Biz neyle meşguldük o günler.
Mesela irtica vardı. Laiklik elden gidiyordu. Dinci anarşi vardı.
PKK ile bir mücadele vardı ki bazı yerlere girilemiyordu. Şimdilerde petrol fışkıran Gabar dağları kurtarılmış bölgeydi.
İktidar kavgaları, koalisyon hükümetlerinin kısa süren ömürleri ile ve sonrasında çıkan krizler ile.
Ekonomik kriz çıkartmakla meşguldük.
Sen terörle mücadele ederken birileri sana verdiği tarihi eser etkili menzili 400 metre menzilli silahı kullanmana müsaade etmemiş, mühimmat ve yedek parça vermemiş, karaborsadan Kuzey Iraktan Kalaşnikof almışsın ama hala uyanmamışsın bu silahları kendimizin yapması lazım diye uğraşmamışsın.
Kıbrıs çıkarmasını silahımız olmadığı için yapamadığımızı çıkarma gemimiz olmadığı için yapamadığımızı unutmuşsun.
Paran ile silah alamamışsın. Sana ambargo uygulamışlar sende hay hay demişsin.

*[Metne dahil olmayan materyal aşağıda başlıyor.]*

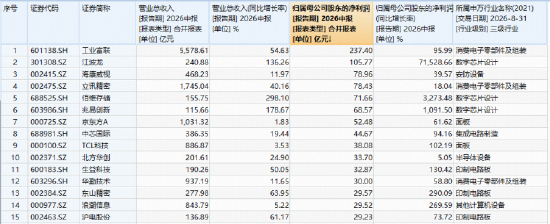 七年磨一剑！苹果折叠屏定档周四！超薄玻璃+铰链，果链龙头卡位核心壁垒，或迎量价齐升超级周期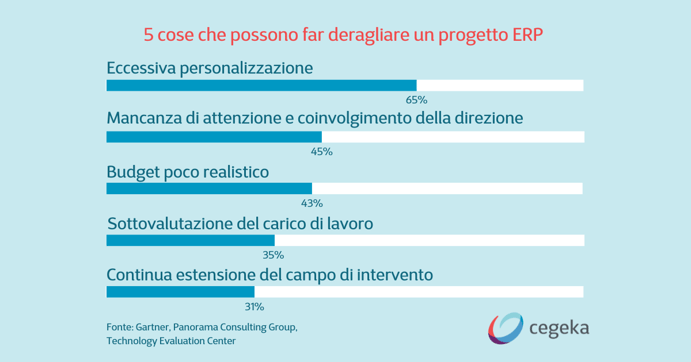 5 cose che possono far deragliare un progetto ERP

Sen neyle meşguldün o günlerde?
Türk yerli silah sanayii mühendislerini bir bir sütten kazalar ile tereyağından kıl çekercesine katledilmelerini seyretmekteydin.
Ve intihar süsü verilerek üstü kapatılırken cinayetlerin sen gözlerini, kulaklarını kapatmışsın.
Görmemişsin, duymamışsın susmuşsun.
İsrail’le silah anlaşmaları yapmakla asırlırlık tankların yeniden revizyonu için adeta yalvarmışsın.
Başörtülü , dindar avlamakla, tek yerli lastik üreticisi irticacı şirketleri iflas ettirmek ile geçmiş güzelim yıllar.
Fetö'nün önünü açmakla övünmüşsün. Devleti altın kasede Fetö’ye teslim edilmiş bir tek adı konmamış okyanus ötesi hikaye anlatılıyordu millete hizmet hareketi adı altında.
Teröristin başı Apo'yu bir şekilde almışsın, PKK bitme noktasına gelmiş ama PKK'ın bölge halkını istismar ettiği sosyal konularda hiçbir sosyal politika geliştirmemiş, PKK'nın Kürt halkını istismar edip taraftar toplamasını seyretmişsin.
Sen neyle meşguldün o gün?
Ekonomik kriz çıkarıp halkı soymakla meşguldün. ABD’den Kemal Derviş’i getirip bir kukla hükümet kurup gittiği yere kadar demekle meşguldün.
Bir belediye başkanını okuduğu şiir nedeniyle devleti yıkacak deyip, Erdoğan'ı hapse tıkmakla.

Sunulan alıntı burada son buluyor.